Однако Олимпиада 1966 года была проведена на Кубе образцово. В наши дни, когда спортивные соревнования привлекают тысячи и тысячи людей, требуется большой, отлично слаженный коллектив работников, их обслуживающий, нужны немалые финансовые средства. Страна с тоталитарным режимом способна удовлетворить этим требованиям. Способна выделить крупные средства в порядке рекламы своей формы правления. Я участвовал более чем в дюжине Олимпиад, но на моей памяти организация соревнования в Гаване — одна из лучших.

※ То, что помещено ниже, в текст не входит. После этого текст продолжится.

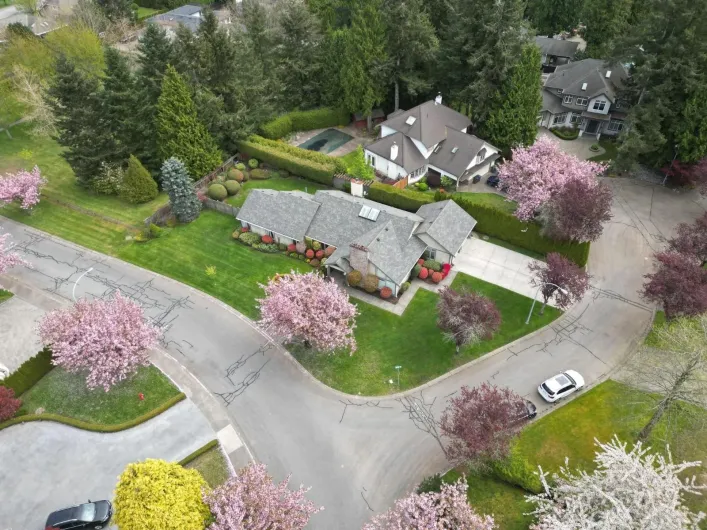 1884 139A STREET, Surrey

И вот три года спустя я снова играю в турнире памяти Капабланки. Я вижу на улицах измученных людей, женщин в порванных чулках, видавшие виды машины. Автобусы ходят круглые сутки. В них, я замечаю, ночуют люди. По-видимому, бездомные. В отеле «Гавана либре» барахлят кондиционеры, еда несвежая. Я начинаю ходить на обед в столовую советского торгового представительства. По моему совету и Доннер стал вместе со мной посещать советскую столовую. Простая обстановка у советских, еда простая, но отравиться нельзя, все свежее. Вряд ли левый социалист Доннер вывел какие-либо политические заключения из проблем нашего питания в Гаване…

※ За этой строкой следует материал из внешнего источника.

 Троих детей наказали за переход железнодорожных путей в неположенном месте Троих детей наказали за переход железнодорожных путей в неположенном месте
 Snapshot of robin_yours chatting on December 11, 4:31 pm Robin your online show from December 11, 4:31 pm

Мой первый турнир в Голландии, в Вейк-ан-Зее, 1968 год. Я выиграл первые семь партий. Последнюю, седьмую — у вероятного конкурента — Таля. За три тура до конца мне уже обеспечено первое место. Я получаю поздравительную телеграмму от принца Клауса. Очень приятно, по-моему, для любого шахматиста. Но у Доннера свое мнение. Он говорит мне: «Принц Клаус — немецких кровей. Поэтому его не любят в Голландии. И вот таким образом он пытается завоевать популярность». И не пришло в голову Доннеру, что бороться за популярность нужно было не столько Клаусу, сколько шахматам. При поддержке именитых людей, в том числе и принца Клауса!

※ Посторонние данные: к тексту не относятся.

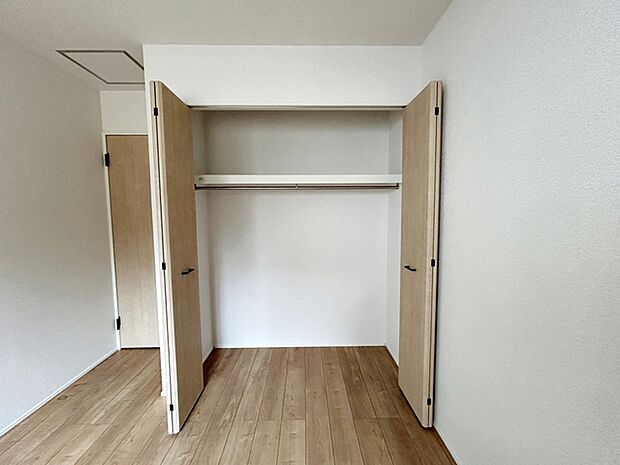 【クローゼット】 全居室に収納が完備されています。衣類や雑貨、子供のおもちゃまでスッキリ収納できます。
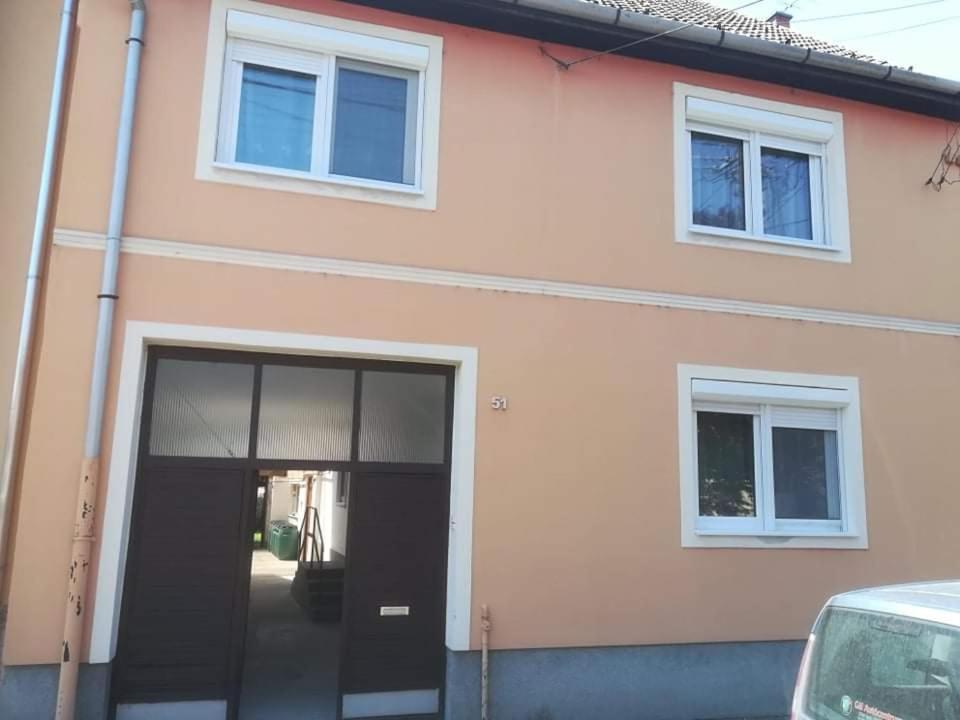 Family House Villa Eger Exteriör bild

Во время соревнований 1968—71 годов я познакомился, вошел в хорошие отношения с одной семьей в Амстердаме. С их помощью я открыл счет в голландском банке. И при каждом удобном случае старался послать деньги на этот счет. Напомню, что в то время иметь счет за границей советским было запрещено. Нарушая этот запрет, я вел себя явно не так, как подобало члену компартии. Выиграв какой-то турнир, я обменял деньги, и на руках у меня оказалась банкнота 1000 гульденов. Во время Олимпиады в Скопле 1972-го года я передал эту банкноту Доннеру и попросил отдать ее семейству Кадлубиков в Амстердаме. Что он и сделал. А лет через 5 социалист Доннер спросил меня: «А что, ты уже тогда планировал бежать из СССР?»